If you think back to 2011, you still had SGI, you still had all these crazy pseudo companies doing MIPS, which was part of SGI at the time. But they were doing specific individual implementations of very fancy systems - do you remember walking through the data centers with all the LEDs, and they were just so perfect? At the time companies were manufacturing their own screws as if that was important!
IC: They were focusing on bespoke designs per customer?
RW: Exactly. Then this community got together and said ‘we don't care if it's plywood, it does not matter’ - because conceptually - they cared about vanity-free hardware with consistency. [The community asks itself] ‘how do we drive convergence on vanity-free components to increase supply, to decrease cost, to improve PUE*?. The community asked about everything in the domain space that was really important for the data center to take off.
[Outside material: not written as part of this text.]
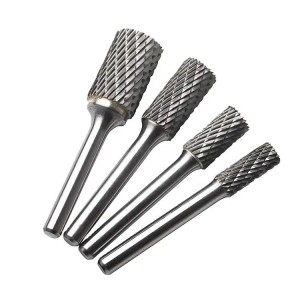 Cylinder Shape Rotary Burrs Tungsten Carbide Burrs for Tire Repair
It is, to your point, very hyperscaler led. But actually, if you look at the contributions of the marketplace that people adopt, 58% of adoptions from OCP marketplace are telcos and network operators. The community has changed so much over the last 10 years, and there's a lot of change that will continue to happen. I think, as you know, we're becoming more heterogeneous especially as data is more disaggregated, and everything that we're dealing with just as a community means there are changes afoot.
*PUE = Power Usage Effectiveness, a measure of how much energy input into a data center is used in the servers. The best PUE values are 1.06 or lower, meaning for every 106 W going in, 100 W is being used. An average PUE is 1.4-2.0, bad PUE is 2.5+.
IC: I've noticed that over the timespan that OCP has existed, it shifts based on need. The biggest thing that's currently in the market right now is AI, and the move to make solutions that are more AI-focused for everybody to use. To your point, the shift towards 5G deployments and telcos, that seems to be a really big focus right now?
RW: In that sense, there are some interesting things happening with network anomaly detection, and more of a software perspective for using AI, obviously. But in OCP, we have OAM, or OCP Accelerator Module [which is a unified form factor for high-powered compute cards]. As part of OCP, we think about the form factors we can help create so that people can choose to, for example, take a Cerebras chip, or take a different AI accelerator or whatever, you know the newest, latest, and greatest, and will be and be able to take advantage of the system's footprint and validation footprint that's already in the ecosystem.
IC: I’ve noticed Intel has acquired a few AI companies recently, and they've all gone towards that sort of OAM interface!
IC: So if we look at the companies listed in OCP, we've got ASUS, ARM, IBM, Google, Microsoft, Dell, HPE, NVIDIA, Intel, Cisco, Lenovo, Alibaba. That's a lot of the industry, and you said you work with three out of seven hyperscalers in your role at Intel. Is OCP in the situation of growing its membership, or is it at a healthy level, or are there other people that need to be involved that currently aren't?
RW: The OCP Foundation right now has around 250 corporate members - it started as six. So there is definitely a huge number of growing participants. There are over 5,000 engineers, 16,000 participants, and there are 29 active projects across the world. We move as the domain spaces keep shifting and growing. So obviously we have security and operations specifically for security, there are advanced cooling projects, areas in connectivity solutions, testing, validation, enabling. There is so much, for example, there have been so many great papers recently written from OCP members about the complexity of test and validation, or consistency as we have more heterogeneity in systems.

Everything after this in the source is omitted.